Pressure containers, and specifically tubular pressure containers, are used inter alia in chemical engineering. Particularly at wide diameters of lids and accordingly high pressures the force effective on such lids gets exceedingly high and requires precise and fail-safe locking devices. A range of quick-lock mechanisms has become known, whereby a known locking device consists of comparatively heavy, bracket forming parts, which can be pivoted about an axis generally parallel to the axis of the container, to free the lid. For big containers this results in exceedingly heavy and comparatively big device parts. Other known quick-lock mechanisms too require at correspondingly high forces more massive designs of both the container brim and the locking bolts, as such locking mechanisms contain a plurality of drilling holes radially to the container axis along the circumference of the container. The lid of the container at such designs too contains a plurality of drilling holes radially to the container axis, which have to be aligned with the drilling holes on the brim of the container, whereupon the locking bolts are inserted into the aligned drilling holes. All forces are in this case received by bolts, which have to be accordingly big, to be able to withstand the heavy load.
For such locks to latch with correspondingly smaller, lighter and safer to actuate device parts, despite great acting forces, AT 397 420 proposed to arrange multipart locking members, which are formed in the style of a multipart ring, which together form a segment lock.

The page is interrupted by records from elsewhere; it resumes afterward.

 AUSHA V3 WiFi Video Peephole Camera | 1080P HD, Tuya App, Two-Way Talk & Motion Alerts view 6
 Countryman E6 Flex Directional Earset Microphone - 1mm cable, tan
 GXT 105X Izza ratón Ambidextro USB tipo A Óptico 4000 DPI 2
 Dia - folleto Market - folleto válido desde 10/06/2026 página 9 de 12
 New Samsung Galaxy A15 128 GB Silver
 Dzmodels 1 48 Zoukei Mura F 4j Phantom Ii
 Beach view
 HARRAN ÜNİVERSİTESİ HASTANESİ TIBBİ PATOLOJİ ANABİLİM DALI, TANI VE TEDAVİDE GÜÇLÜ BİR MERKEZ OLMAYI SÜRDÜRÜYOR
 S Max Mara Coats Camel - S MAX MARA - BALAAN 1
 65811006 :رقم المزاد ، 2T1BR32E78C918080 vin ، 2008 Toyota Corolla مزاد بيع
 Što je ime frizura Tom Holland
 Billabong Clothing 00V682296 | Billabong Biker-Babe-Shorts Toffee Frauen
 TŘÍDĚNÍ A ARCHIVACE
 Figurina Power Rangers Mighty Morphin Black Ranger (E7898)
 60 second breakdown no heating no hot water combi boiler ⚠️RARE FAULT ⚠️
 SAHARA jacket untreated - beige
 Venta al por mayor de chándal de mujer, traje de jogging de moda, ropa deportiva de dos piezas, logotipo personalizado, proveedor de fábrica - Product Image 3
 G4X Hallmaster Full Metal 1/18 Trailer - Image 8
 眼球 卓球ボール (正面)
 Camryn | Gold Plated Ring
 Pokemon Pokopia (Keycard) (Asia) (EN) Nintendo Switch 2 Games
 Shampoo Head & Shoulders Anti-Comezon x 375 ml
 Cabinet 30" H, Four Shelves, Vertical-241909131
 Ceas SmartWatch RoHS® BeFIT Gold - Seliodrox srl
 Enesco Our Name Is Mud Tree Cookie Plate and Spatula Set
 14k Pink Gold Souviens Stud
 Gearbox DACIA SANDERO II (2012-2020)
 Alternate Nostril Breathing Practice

The individual locking segments are moved into circumferential grooves on the inside brim of the opening of the container and are fastened in this position.
With increasing lid size and increasing pressure the forces that have to be accommodated get exceedingly higher, as mentioned earlier, and therefore such a lock comprising segments requires bigger device parts, which contain a plurality of circumferential grooves or protrusions respectively arranged on top of each other in an axial direction of the opening to accommodate the corresponding pressure forces via the sum of such grooves and protrusions. The increase of the installation size of the segments in this manner results in a corresponding increase in weight of the segments and requires special measures, to guarantee a safe driving without the danger of straining the actuator or the guiding of the segments from a non engaged position into an engaged position in order to lock the lid.